### What you will do
From the line with "Adelaide Hills Country Cottages image 5" down to the final line of the material, please transcribe everything exactly, but leave the pictures out.

### Data provided
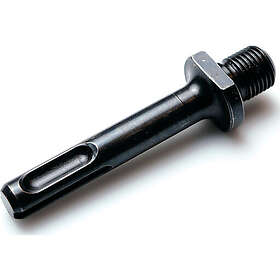 Baier 881429000 SDS-plus-adapter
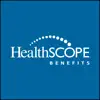 HealthSCOPE Benefits On the Go App Feedback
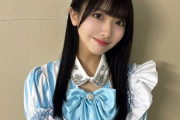 【STU48 #石田千穂】ちほんぬ、アリスになる🐜🐿️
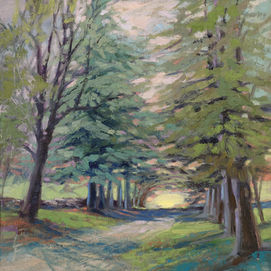 Quietude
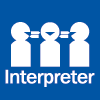 Interpreter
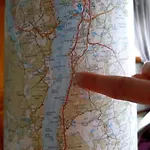 Artie's Apartment Windermere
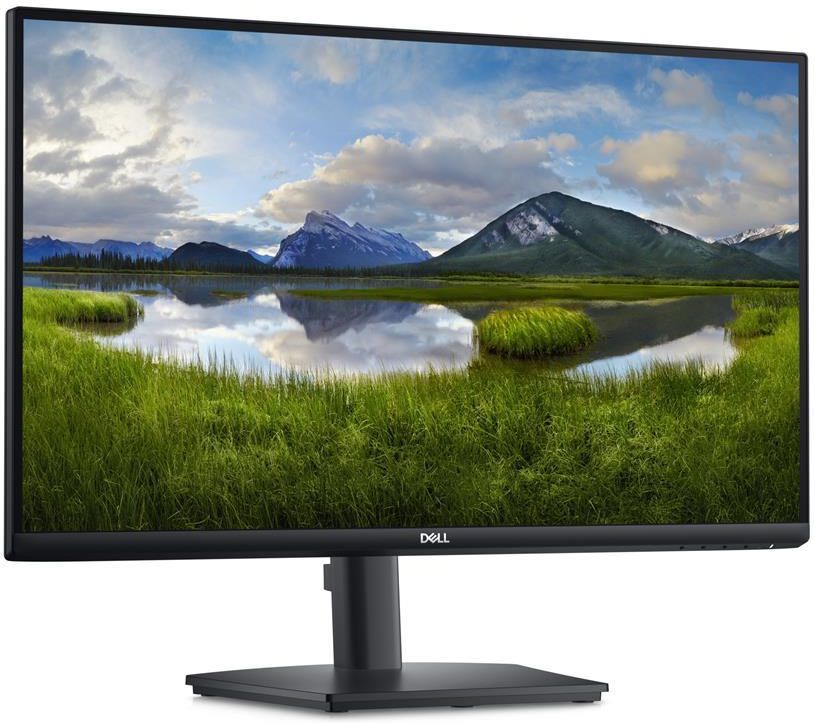 Monitor Dell 27 E2724HS - Opinie i ceny na Ceneo.pl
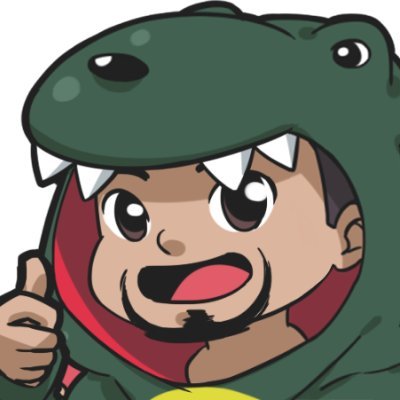 TacoYakiGaming's profile picture. Gaming with friends.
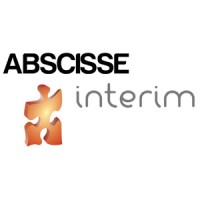 ABSCISSE INTERIM logo, ABSCISSE INTERIM contact details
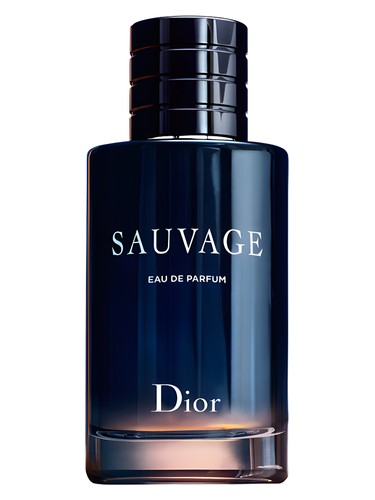 Dior Sauvage Eau de Parfum (DIOR)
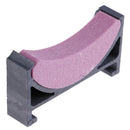 Portable Grinding Tool Chainsaw Sharpener Sharpening Stone KitJC,a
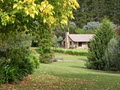 Adelaide Hills Country Cottages image 5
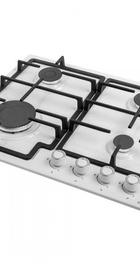 Minola MGM 614224 WH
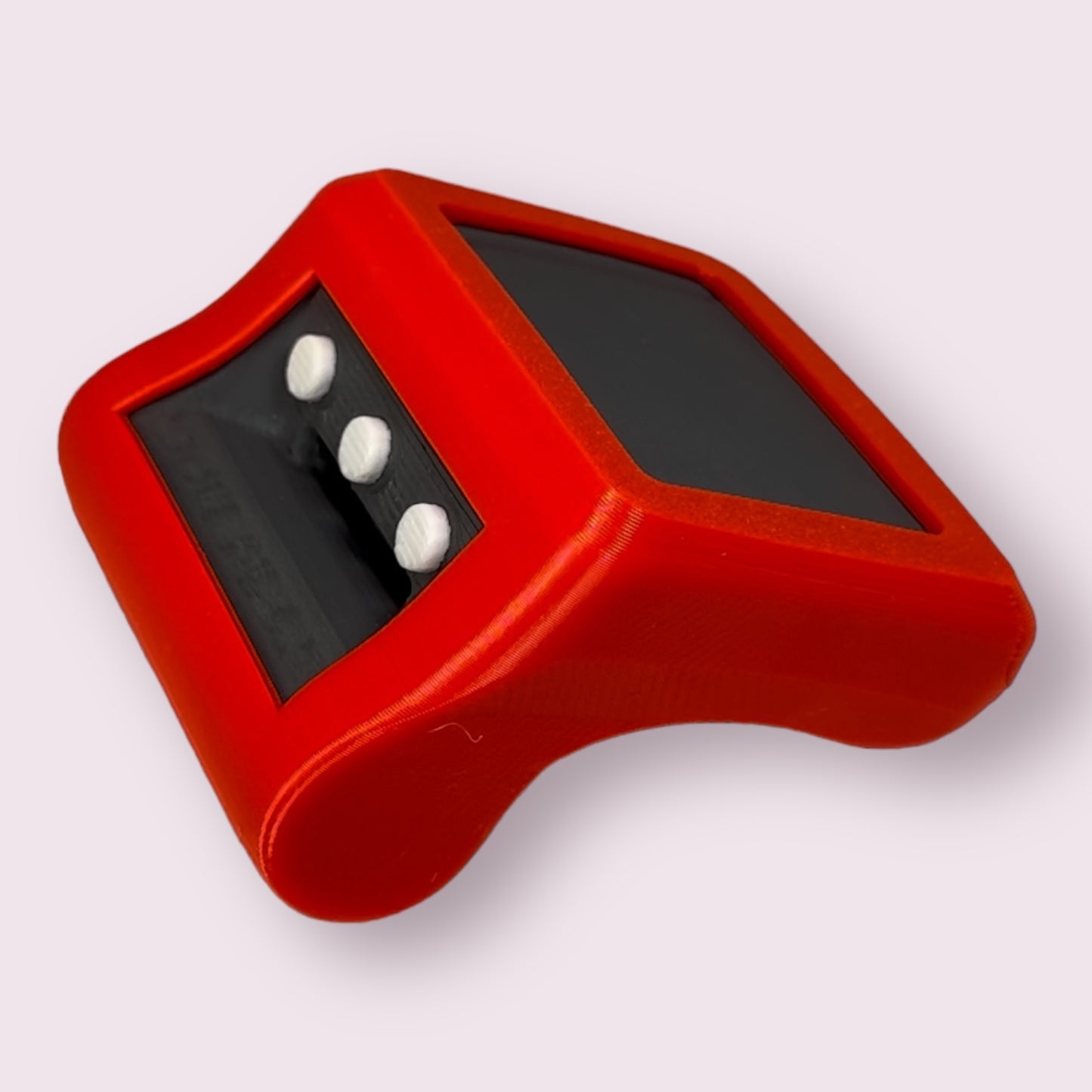 Hülle für Scubapro G2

### Answer to this exercise
 Adelaide Hills Country Cottages image 5
 Minola MGM 614224 WH
 Hülle für Scubapro G2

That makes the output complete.